Right. I gave that example within the context of the discussion, which considered purity a path-sensitive property. By that definition, if fun is provably never invoked with a > 10, then it's effectively pure.
 Andrei

And that's an interesting thing about CTFE: although it can never do anything impure, it can call impure functions, provided it avoids the impure bits of them:

int foo(int n)
{
    static int x = 56;
    if (n<10)
    return n;
    ++x;
    return x;
}

static assert(n(5) == 5);

Likewise, it can never doing anything unsafe, but can call unsafe functions.

bool bar(int n)
{
    if (n < 2) return true;
    corruptTheStack();
    return false;
}

static assert(bar(1));

I was wondering if you could not implement [weak] purity in the language so that it requires the programmer to use contracts to insure that side effects newer happen.

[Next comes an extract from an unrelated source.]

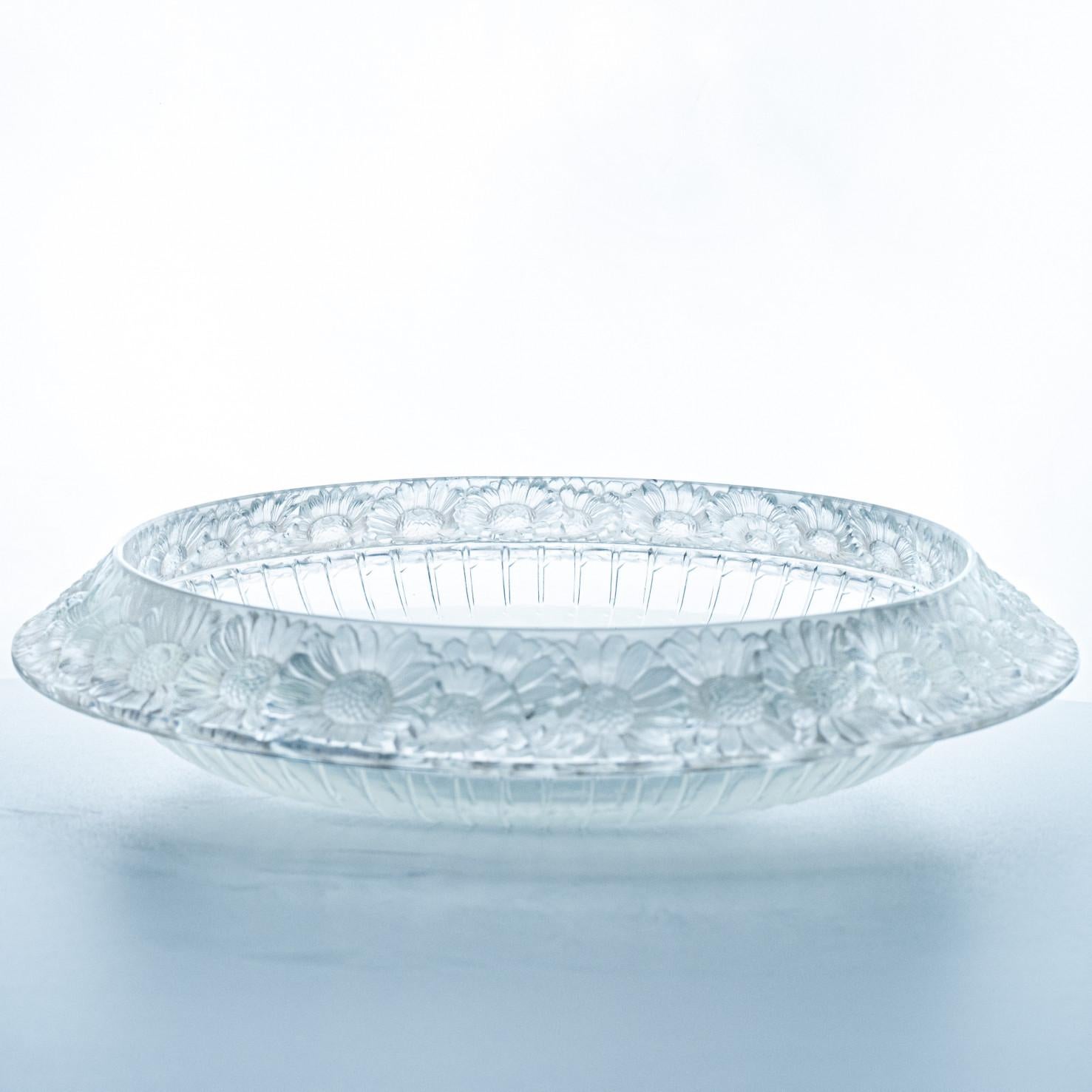 Centro de mesa grande firmado por Lalique, Francia, hacia 1940 en venta 1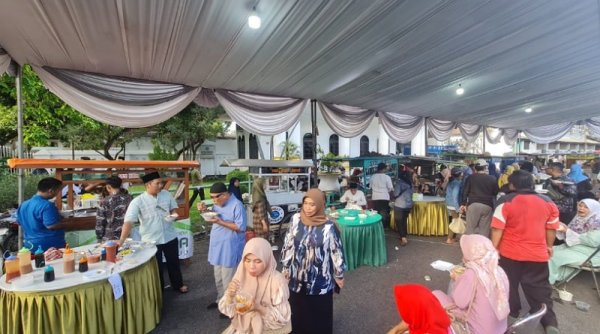 Usai Halal bi Halal dengan Gus Muhdlor, Ribuan Warga Langsung Serbu Makanan dan Jajanan di Halaman Pendopo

I would imagine that this should work with the semantic analysis the compiler provides without adding a specialized theorem prover.

You mean like:

int foo(int n)
in pure {
   assert(n < 10);
}
body {
     static int x = 56;
     if (n<10)
             return n;
     ++x;
     return x;
 }

where the 'in pure' contract applies only if the function is called from a pure function?

(Note: my knowledge of compilers and semantic analysis is fairly limited so ignore this if it is plain stupid).

That'd probably work if the compiler already had a theorem prover -- but it doesn't.